Karen Migliori said she especially enjoys the cultural displays inside the festival.
“I like seeing the displays inside, especially the cultural heritage displays that they have,” she said. “They usually feature something that we’re somewhat familiar with, and you get some more information about it.”
The Miglioris grew up in Stockton, but said the festival also shows how connected communities in the Central Valley can be, even with a little friendly rivalry.
“Lodi has always been one of our adversaries, football wise,” Tom Migliori joked. “But we have a lot of friends in Lodi and Stockton, so it’s all good. It’s part of a larger group, which is the Central Valley.”
Outside, one of the day’s most popular attractions turned family cooking into friendly competition.

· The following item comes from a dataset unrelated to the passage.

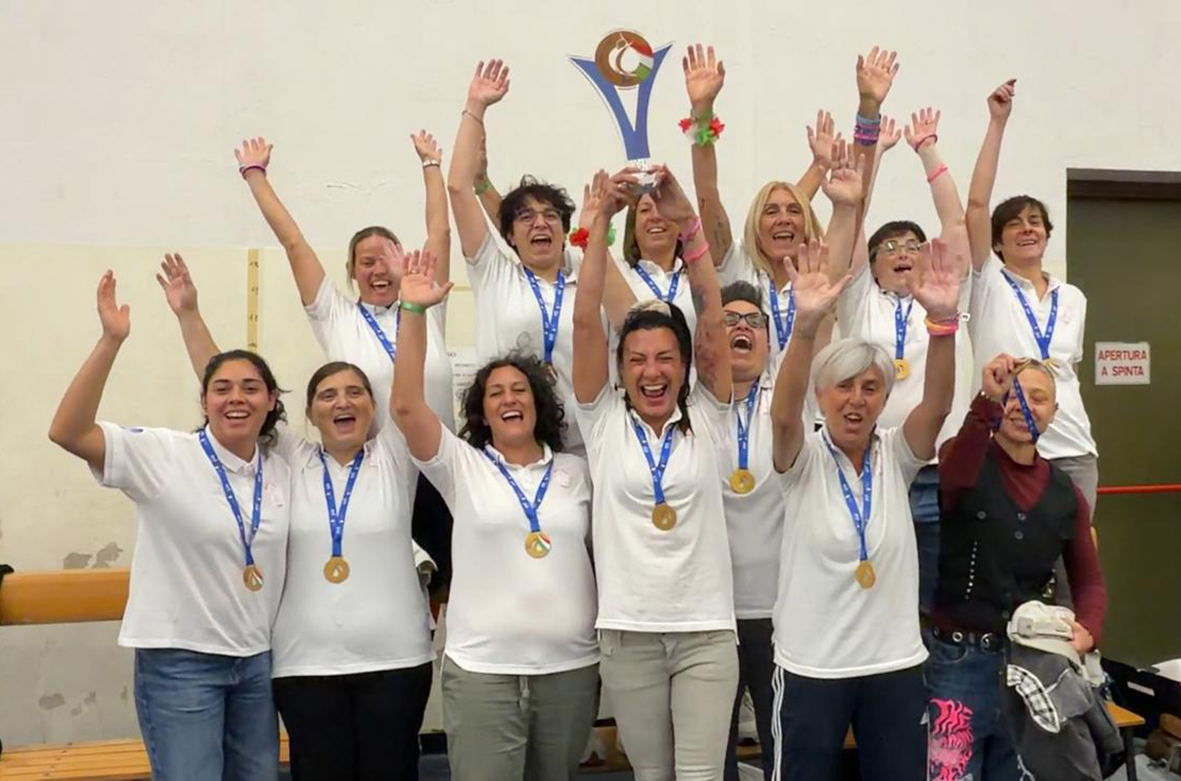 Il calcio camminato femminile di Novara è campione d'Italia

The Boss of the Sauce contest invited attendees to become judges for $5, tasting sauces between 1 and 3 p.m. Auerbach called the contest a must-stop for anyone hoping to find “grandma’s best meat sauce.”
“If you don’t get there in time between 1 and 3, they’re going to run out of sauce,” Auerbach said. “I promise you.”
By afternoon, the festival had become a loop of small scenes: children dancing near one stage, families stopping in front of old photographs, visitors lining up for food, friends greeting one another and Italian music carrying over the fairgrounds.
For Trezza, that is the measure of a successful Festa Italiana. The event is not a major fundraiser, he said. It is something closer to a community offering — “a big event of heart, Italian culture, passion in the heart.”
Success, he said, is easy to spot.
“People keep smiling and telling me how much they’re enjoying being here and appreciate us putting this on and enjoying my antique truck in there,” Trezza said. “That’s what it’s all about, people coming out here and having a good time.”